The Rep, Inc. uses some remarkable actors, and their talents are better displayed in the intimacy of their current theater at 3710 Georgia Ave. than they were in the big old movie house inhabited by the group's more renowned forerunner, the D.C. Black Repertory Company.
In all of The Rep's productions this year, including "No Place to Be Somebody," which opened last weekend and resumes tonight, most of the performances have been consistently focused and keenly observed in the naturalistic manner preferred by the company.
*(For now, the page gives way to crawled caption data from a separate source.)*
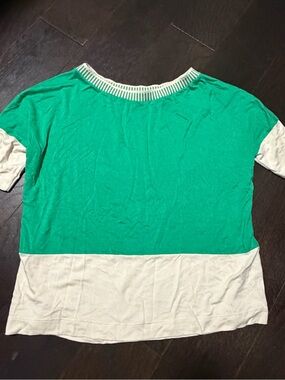 Women’s Two-Tone Green and Cream Short Sleeve Tee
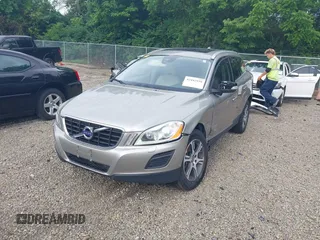 2013 Volvo XC60 T6 z VIN YV4902DZ5D2423949, wystawiony jako IAAI lot #42442938 z przebiegiem 126 108 mil mil oraz . Historia ofert i sprzedaży dostępna na DreamBid. Obrazek 2.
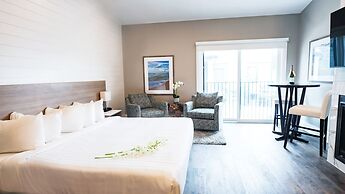 Colonial Hotel & Suites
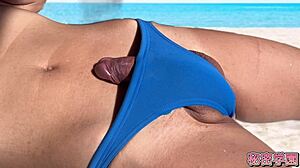 Chuje trčiace z plaviek na tajnej škole.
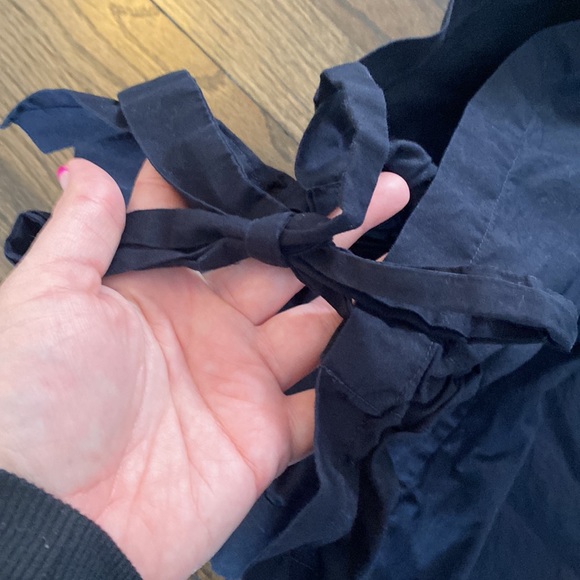 Banana Republic Navy Blue Dress Shirt Bow Sleeves Medium M EUC Blouse - Picture 2 of 9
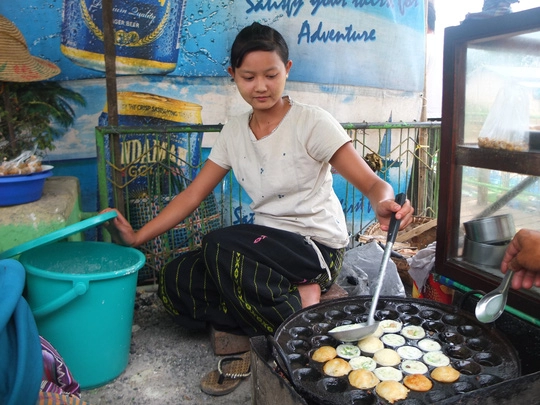 Myanmar đến soi và mỉm cười nhẹ nhõm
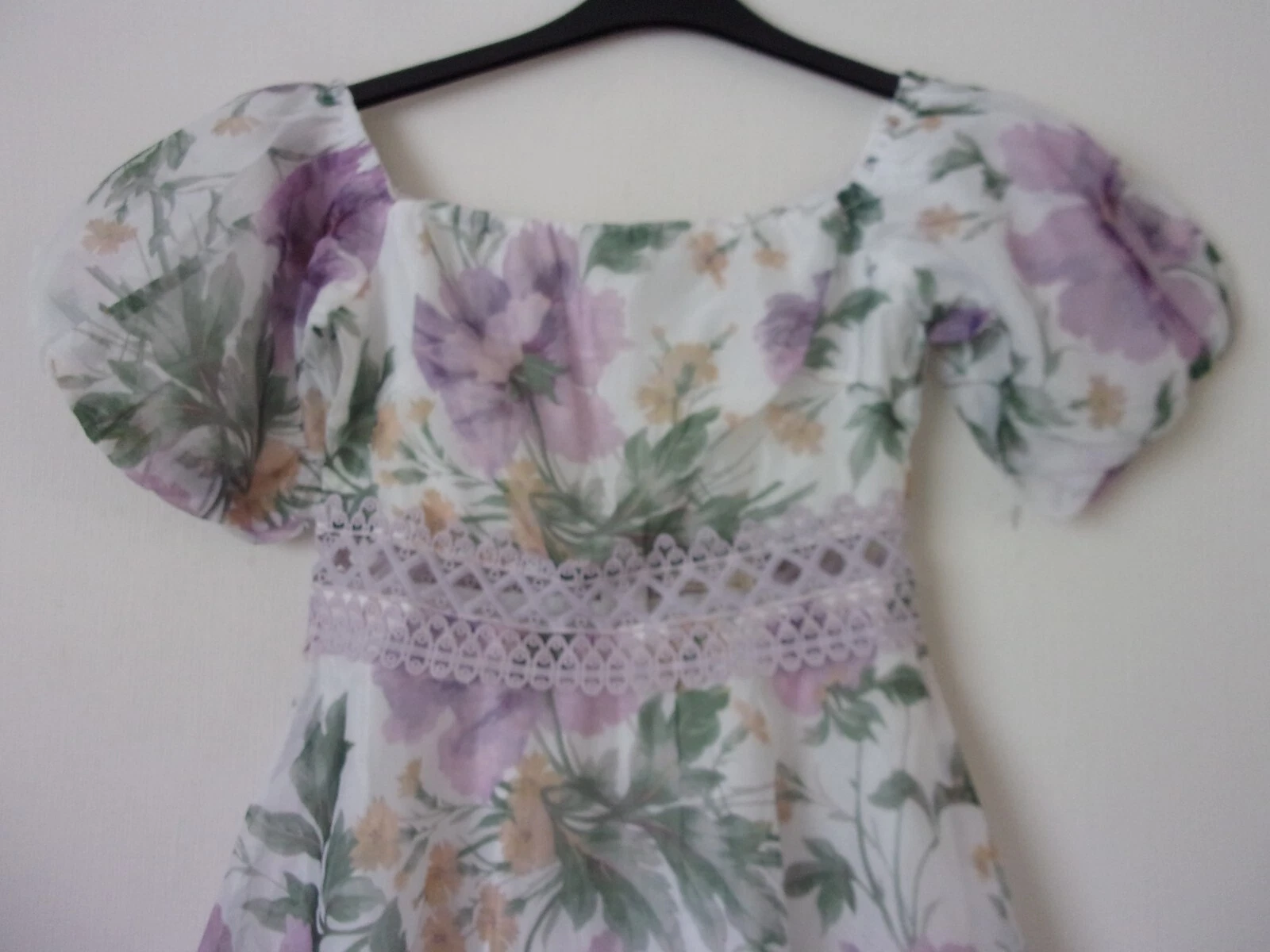 OFF WHITE Nuovo mini abito Oasis Off White Lyanna floreale organza Bardot taglia: UK 8 PREZZO AL PUBBLICO: £ 89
The Rep's productions, however, have not been completely satisfying. An evening at The Rep usually means at least three hours.Some of this can be attributed to the leisurely pace with which most of The Rep's plays seem directed, and in the case of "Somebody," director Ed De Shae has left room for more slack moments than the directors of previous Rep productions this year did.
The undue length of the evenings also can be attributed to the scrupulousness with which The Rep handles its text. This season the company staged three black plays from the past. Parts of all of them have dated, but The Rep seems hestitant to trim the fat. It's one thing to revere the recent black theatrical heritage, but it's another thing to embalm it.
"Somebody," which won the Pulitzer Prize for Charles Gordone in 1970, is still on its feet when it peers into the mind of the shady young bar owner Johnny Williams and the funny, pathetic dreams of his staff. The Rep's artistic director is a commanding figure as johnny is the "A" troupe (there are alternate casts).
But "Somebody" is not as adept when it focuses on Johnny's "intellectual" friends. This character's monologues are pretentious arias that distract from the rest of the play.
Still, those actors are something to behold.